Only a brief entry on this one, because the news stories today handled it pretty well: New York’s Attorney General Eliot Spitzer, who ranks quite high on my list of do-gooders, has forced Sony to fess up that it had been bribing radio stations, orchestrating fake call-in campaigns to simulate listener demand, and setting up fake contest giveaways for listeners that actually went to station employees. MTV does a good job outlining the story here, but in three words, “big, big sigh.”
I say this, Sony, because I used to respect you so much, and because I keep on praying that Howard Stringer will listen: clean up this garbage already. How many divisions of your company need to be shamed by investigations and revelations like these before someone at the top decides that enough’s enough, the old tricks haven’t been working for a long time, and a return to your roots is now absolutely necessary?
Even after being ripped off by poorly-made PlayStations and misled by movie critics your company invented, your old customers still want their old Sony back.
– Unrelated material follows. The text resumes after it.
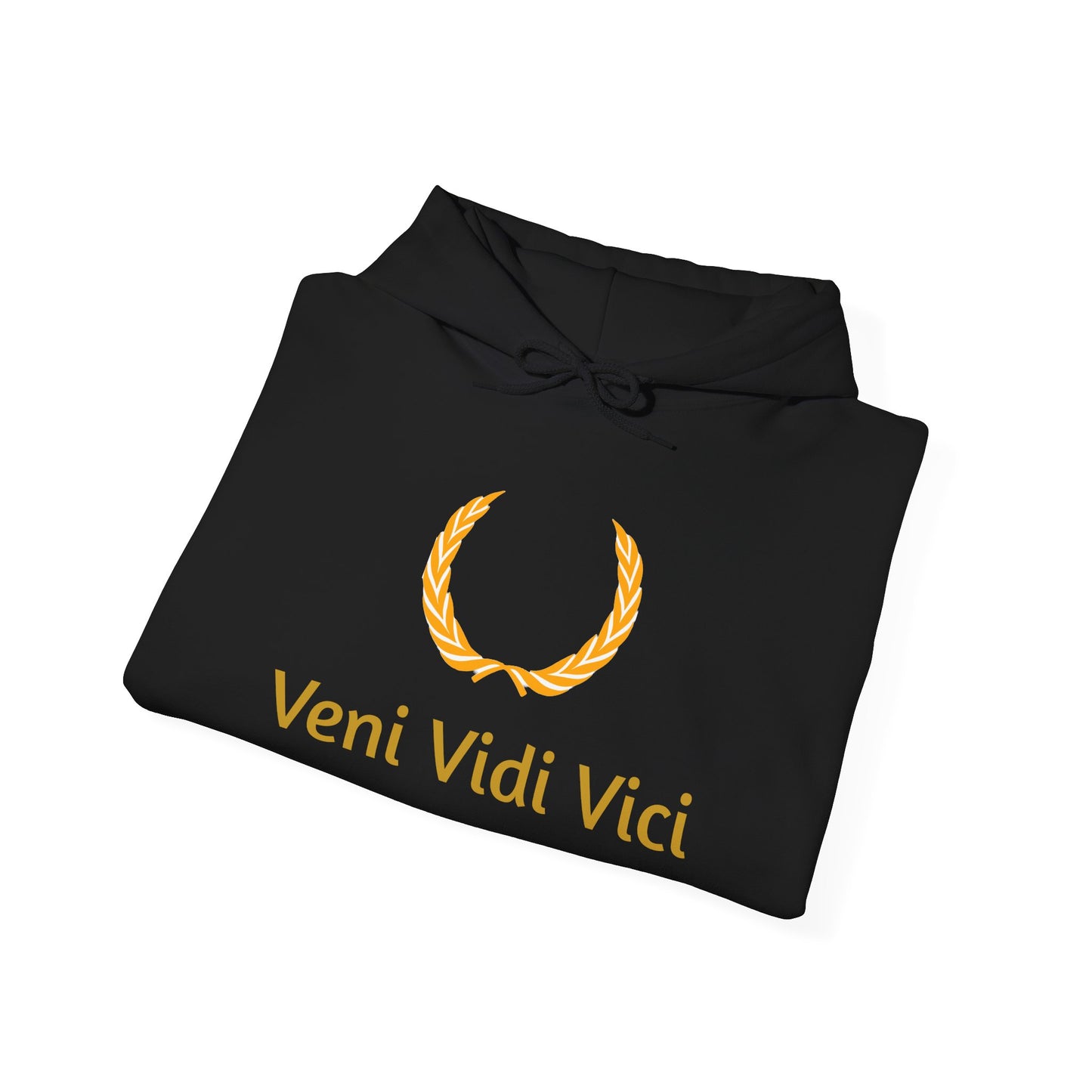 Roman Veni Vidi Vici Unisex Heavy Blend Hoodie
They want a Sony that cares again about making products that last.
A Sony that gets public attention through innovation rather than graft or intimidation. The old Sony – the one everyone knew as a humble but consistently excellent Japanese giant, rather than a cesspool of two-bit hustlers willing to deceive and manipulate the media, customers, and anyone else for the sake of a few bucks. Clean it up. We’ll come back.
Really.
And we’ll even help you sort out the organizational bad seeds who are making this sort of stuff happen. They’re well-known in media circles. Better people will make better decisions and ultimately a better Sony.